Not every protest is noble, certainly. People will turn up to a crowd scene without much provocation, even in a moment in history when crowd scenes can compromise your ability to continue breathing long-term. There's a compelling emotional gravity that grows in proportion to the numbers collected, in a positive feedback loop that globs humans together like a J.J. Abrams Big Red Ball, except less explicable.

Literally any human motivation can draw them there: passion, rage, curiosity, FOMO,* opportunity, memes, lolz, boredom, pressure... And a certain percentage are always people who picked the wrong day to try to run some errands in the area and just want to get back to their car.

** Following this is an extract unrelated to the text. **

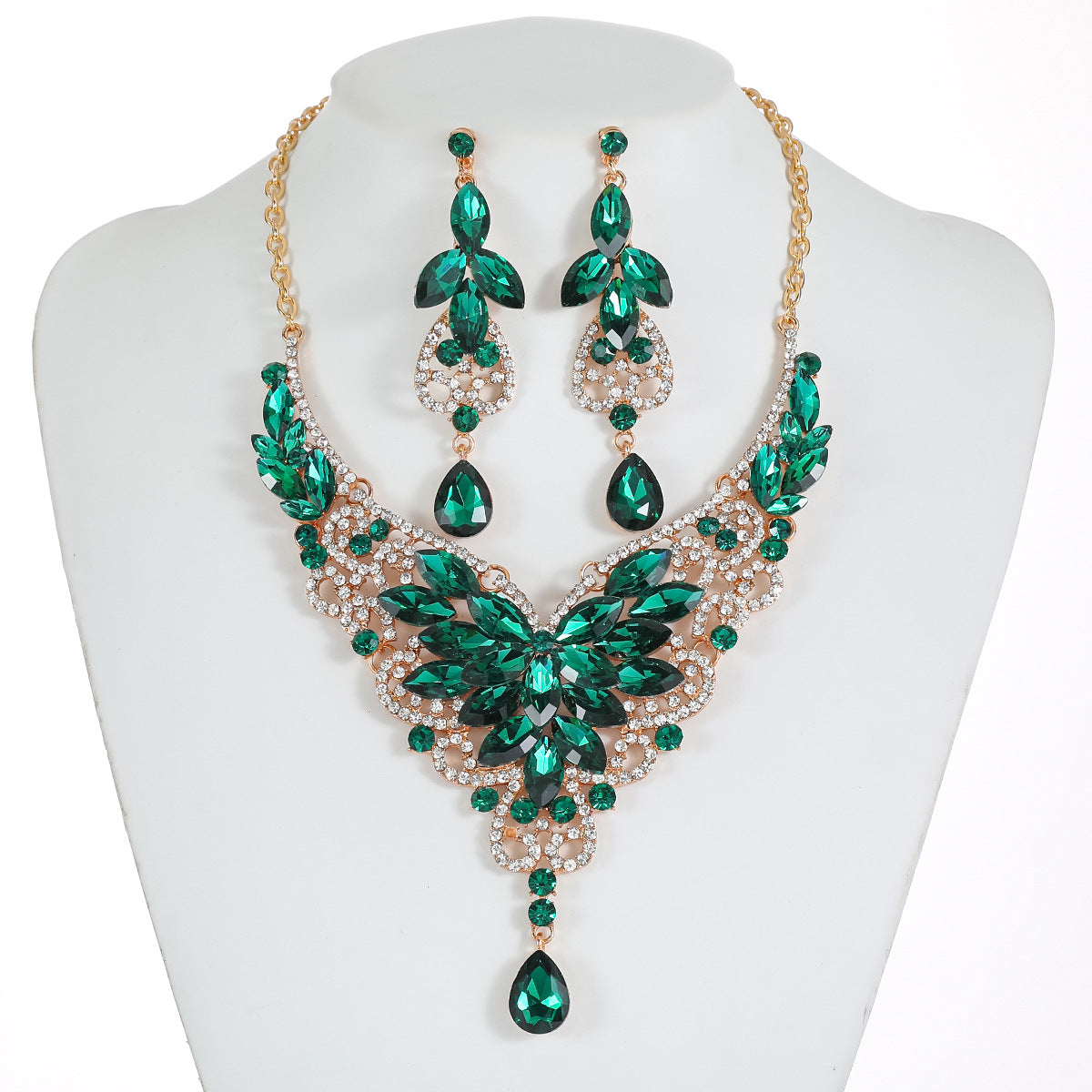 French Vintage Style Butterfly-Shaped Alloy Necklace Set with Rhinestone Accents, Electroplated O-Chain, Floral Botanical Design Featuring Wheat, Petal, Leaf and Lotus Pod Motifs for Women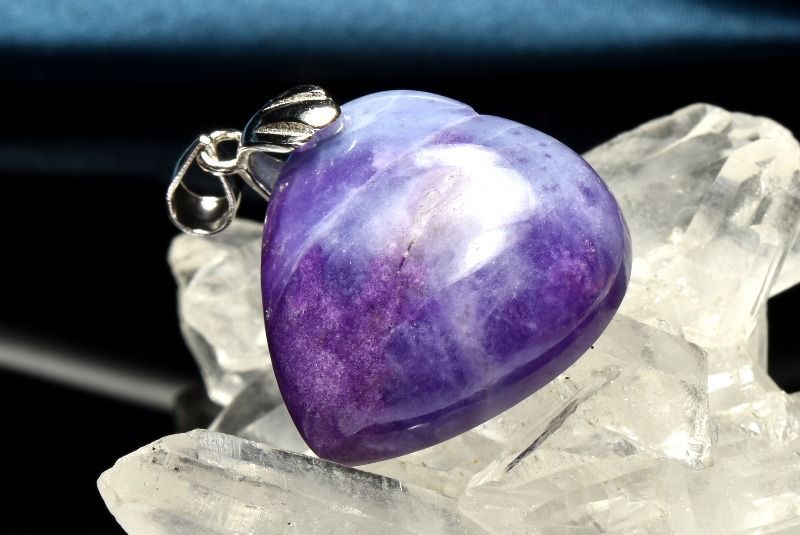 1点物】AAAAA☆希少石 シルバー925 ハックマナイト 22x21mm ハート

We obviously saw a lot of this in action this year when Americans poured into the streets in a continuation of the righteous struggle against the structure of America itself. It's an enraging, tragically necessary cycle of insisting the country do the things it says on the outside of the box, like human rights and equality. As I said, a crowd by definition is motley, to put it politely, so you get all sorts, but sometimes the signal cuts through the orbiting static and something really profound shifts, like a football team will change its racist-ass name. Sorry, that sounded cynical, but the measurables take their sweet fucking time and sometimes you have to grab at something that isn't the typical result, which is literally nothing.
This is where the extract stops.